2-phase cooling for next generation HPC challenges
Thermal management is a critical concern in HPC centers that house numerous computing elements. The temperature directly impacts reliability and energy efficiency, as a significant portion of energy is dedicated to the cooling system. The approach used in the TEXTAROSSA project combines advanced two-phase cooling with multi-level thermal control strategies to effectively tackle thermal challenges at both the system and node levels. The objective of the TEXTAROSSA EU project is to contribute towards the strategic objectives outlined in the EuroHPC Strategic Research and Innovation Agenda and the ETP4HPC Strategic Research Agenda.

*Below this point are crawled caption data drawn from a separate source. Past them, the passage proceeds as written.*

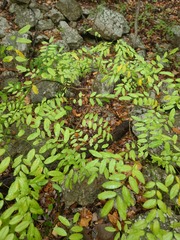 Styphnolobium affine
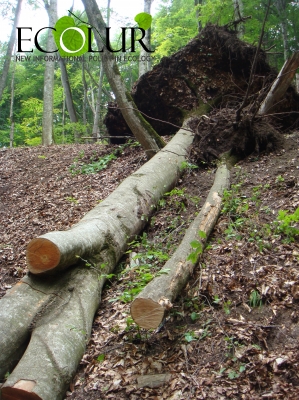 Национальные парки “Дилижан” и “Севан” выделяются по количеству незаконных рубок среди ООТ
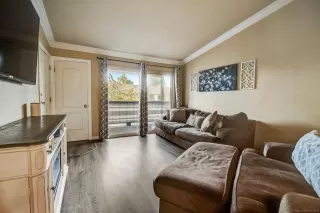 Photo #1: 230017603 Listing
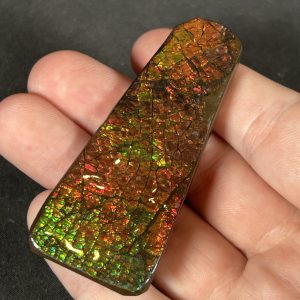 The Stones &Amp; Bones Collections - New Items 53 Ammolite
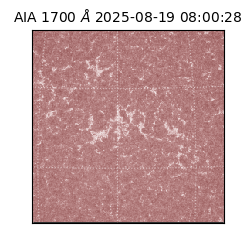 saia - 2025-08-19T08:00:28.717000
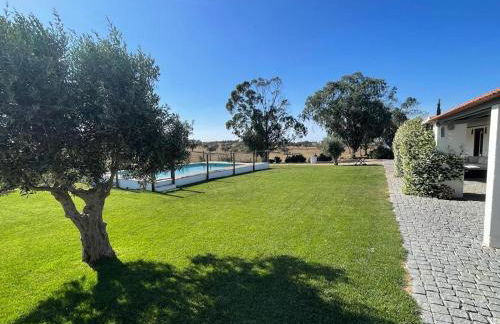 Herdade da Boavista - Foto 32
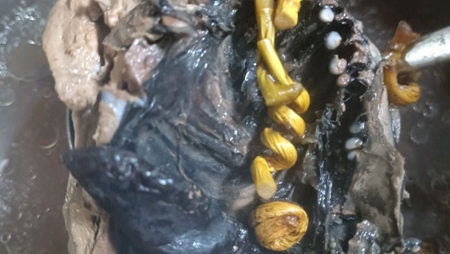 Ļ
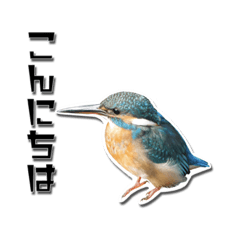 kingfisher (real)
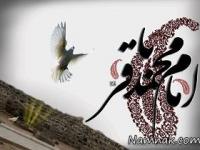 محمد باقر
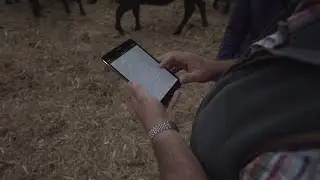 AgriWebb Customer Story | Rebekah Price with ABP Gamechanger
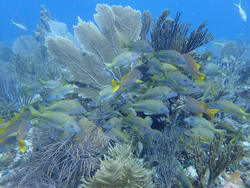 Typical reef scape within the Gardens of the Queen.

THE TEXTAROSSA SERVER SYSTEM
The solution utilizes the Ampere® Mt.Collins 2U system featuring the Ampere® Altra® Max processor. This processor delivers exceptional performance while maintaining impressive power efficiency per core. This system offers several benefits, including:
- Utilization of the ARM architecture, which aligns with the EPI project’s compatibility goals.
- Ample physical space available for integrating the cooling system.
- Support for a significant number of PCIe slots, allowing for the addition of FPGA boards or other expansion cards as required.
- Optimal compatibility between the cooling system’s design point and the heat dissipation requirements.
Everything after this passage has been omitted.